The black sheep of the Central Asia, Afghanistan is often left off the map when the region is talked about in a travel context. The country is more poignantly known for its ongoing war and militant Islamism dominated by the Taliban, however, there is more to this off-the-beaten track country than what makes it into the news. Afghanistan is not really known as being a hot travel destination, for obvious reasons, but to say it’s not a beautiful country is simply untrue. Prior to the conflict, Afghanistan was once a main destinationon the hippy trail, attracting travellers on their way down to India, and before that, a core hub on the Silk Road. The country has plenty to offer the adventurous traveller, with incredible mosques and mountainous landscapes.
We’re not outright saying you should pack your bags and head off Afghanistan – this is not exactly the safest country to visit – although we have sometimes cross the border to visit the Ishkashim market on the border with Tajikistan, but if the situation were to improve, this is what you might see in Afghanistan!
The Buddha Niches of Bamiyan Valley, Bamiyan
Bamiyan Valley was once home to one of the most spectacular sites in the country – the Giant Buddhas. These giant rock carved statues were the world’s tallest Buddhas ever made, but sadly the Taliban destroyed them at the height of their rule. While the Buddas mostly lie in pieces in a shed next to the director’s office, or sold off on the black market in Pakistan by the Taliban, the niches left behind are still one of Afghanistan’s most spectacular sites. The niches tower up at 55m and 38m, and are surrounded by a rock-carved network of monastic cells and grottos connected by passages carved inside the dramatic cliff side, which can be visited today.
Herat’s Mosque and Citadel, Herat
Herat is Afghanistan’s third largest city, and also the gateway to Iran and Turkmenistan. Over the centuries, it was a key trading hub on the Silk Road, which means this city has its fair share of impressive sites.
One of the main attractions is the Jama Masjid Mosque of Herat, also know as the Friday Mosque. This blue tiled mosque is over 800 years old, and one of the greatest and most beautiful Islamic buildings in the entire Central Asia region.
Towering above Herat, the citadel is perhaps the oldest building of the city. Said to have been built on a former fort founded by Alexander the Great, Herat’s citadel is certainly a commanding building, with 18 towers at over 30m above sea level!
The Shrine of Hazrat Ali, Mazar-e Sharif
The two blue domes of the Shrine of Hazrat Ali in Mazar-e Sharif in northern Afghanistan is perhaps one of the most iconic sites of the country. The figure of Hazrat Ali was believed to have been buried in Iraq, but after a local mullah dreamt his place of rest was in a village near Balkh, this changed the region for future. The city of Mazar-e Sharif sprung up around the shrine, where the name actually means “Tomb of the Exalted”.

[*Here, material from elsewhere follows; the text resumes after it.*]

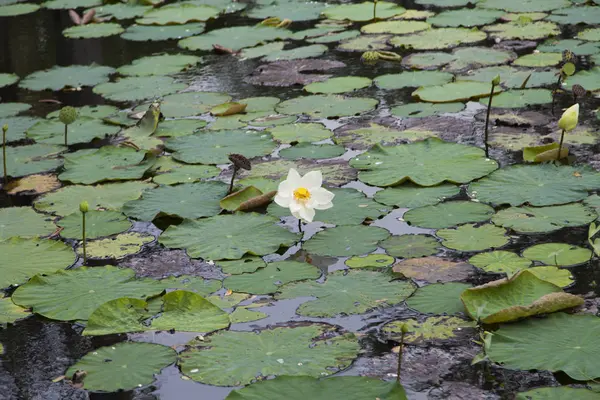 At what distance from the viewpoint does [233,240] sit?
12.1ft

Ghengis Khan razed the original shrine built upon the place of burial, only to be rebuilt later by the Timurid rulers in the region in the 15th century. The shrine has seen quite a few changes over the years, where its iconic blue façade is actually a modern addition.
Barbur’s Gardens, Kabul
The Mughal ruler Barbur established these gardens in the 16th century, and have since become Kabul’s loveliest spot. The walled garden is not only home to terraces of lush vegetation, but also houses an original caravanserai as well.
The Lakes of Band-e Amir
So far we’ve looked at manmade and semi-manmade wonders in Afghanistan, but it would be a crime not to mention the amazing Band-e Amir lakes – one of the country’s most astounding sites! A series of six, deep blue lakes look like something out of a fantasy novel. The deep lapis colour arises from its mineral content, but despite the scientific explanation for these high altitude lakes in Central Asia, the locals prefer local lore. Apparently the lakes have healing properties and are visited by pilgrims, who hope the tales around the lapis blue waters’ curative properties are true.